There are always different kinds of variables that affect live performance, regardless of whether you're solo or in a band, regardless of what personality type you are. It's always going to change from day to day.
Even in life, when you're just going about your business from day to day.
That ties into another question that I wanted to ask. I know that the Blow has two members now --- there's you and then there's Jona. Do the two of you regularly perform together live? If so, was this show an exception? What's Jona doing right now?
Right now, Jona's on tour by himself with his solo project called YACHT.
I've heard of it, actually, and I need to check it out.

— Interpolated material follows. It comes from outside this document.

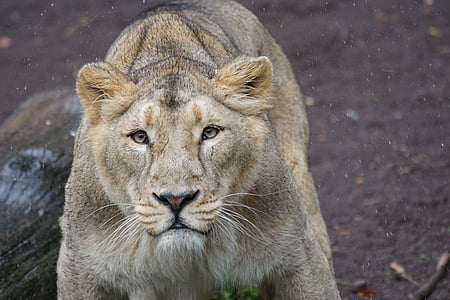 focus photography of lion thumbnail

Yeah, you should! It's really cool. It's really smart. He's just a really, really supple and really exceptionally talented producer and media artist. He can just make things exist out of nothing. I mean, I make things exist out of nothing, but it's more like ideas and songs and words, but he can make them exist electrically. He can make videos and songs pop right out. When we're recording, he effortlessly creates songs.
Do you present the basic skeletons of your songs to him, and then have him construct whatever sonic edifice that it takes on --- the tracks you end up singing along to?
"Sonic edifice"...that's so nice..."sonic edifice." What happened with both records that we made is that I wrote the song and then --- except for a couple of songs --- I wrote the song beforehand, and came to him and sang it. Sometimes, he'd write a part, but usually I'd just be like, "How about THIS?," and he would start making a beat, and we'd work together to make everything melodic. I'm words, he's beats, and together we do melodic interpretation. I'll do the melody of the song if it's written on keyboard or guitar.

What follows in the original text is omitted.